ワインな ささやき

ワインジャーナリスト “綿引まゆみ” (Mayumi Watabiki) の公式ブログ

巨大パーティー&ワイン!

2014-04-07 15:13:21 | ワイン&酒
昨日は友人の50歳の記念誕生日パーティーがありました。
約100人が集まった大規模なもので、ワイン好きの友人をはじめ、会社関係の方もいらっしゃり、友人の人脈の広さを実感しました。

ワインもあれこれ集まった中、圧巻だったのは、6リットルサイズ!


レギュラーボトルと並べると、その大きさが際立ちます


Chateau Mercian 1987 Vin Rouge

1990年9月1日に「メルシャン株式会社」に社名変更した際に、シャトーメルシャンの勝沼ワイナリーで瓶詰めした記念ボトルで、国産のメルロ、輸入したカベルネ・ソーヴィニヨンなどがブレンドされているとか。歴史を感じる味わいでした。


友人の バースデーヴィンテージ1964年 のワインも登場

さすがにちょっと衰えてきているのは否めません。
人間の方がはるかに元気で若々しいかも(笑)



余興で誕生年や誕生日に関するクイズがあり、最後には ワインのブラインド もありました。
ブラインドワインには、皆さん苦戦したようでした。


L'Yvorne Grand Cru 2012 Domaine de la Pierre Latine (スイス、シャブレー)

正解は、スイスのシャスラ からつくられる白ワインでした。
※ワイン解説は → コチラ   (輸入元:ヴァン・レマン株式会社)

国の選択肢は、スペイン、日本、スイス、オーストリア、ドイツ、
品種の選択肢は、ヴェルデホ、グリュナ―フェルトリナー、シルバーナ、甲州、シャスラ。

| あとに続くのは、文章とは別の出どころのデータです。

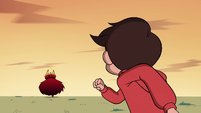 S2E31 Marco Diaz chasing Hekapoo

10チームに分かれての対抗戦でしたが、スイスのシャスラとピタリ当てたのは1チームのみ。
素晴らしい~

今年はスイスと日本との国交樹立150年の記念の年
つまり、50歳の誕生日を迎えた友人は、スイスと日本の国交樹立100周年の年に生まれた、というご縁があります(笑)
※150周年を記念したイベント「SWISS DAYS」のリポート → コチラ

ブラインドテイスティングの際に、飲んだことない味、と感じた方も多くいらしたようですが、国交樹立150周年の今年は、スイスが注目されることが多い年ですから、この機会にスイスのシャスラのワインのことを覚えておくといいですね。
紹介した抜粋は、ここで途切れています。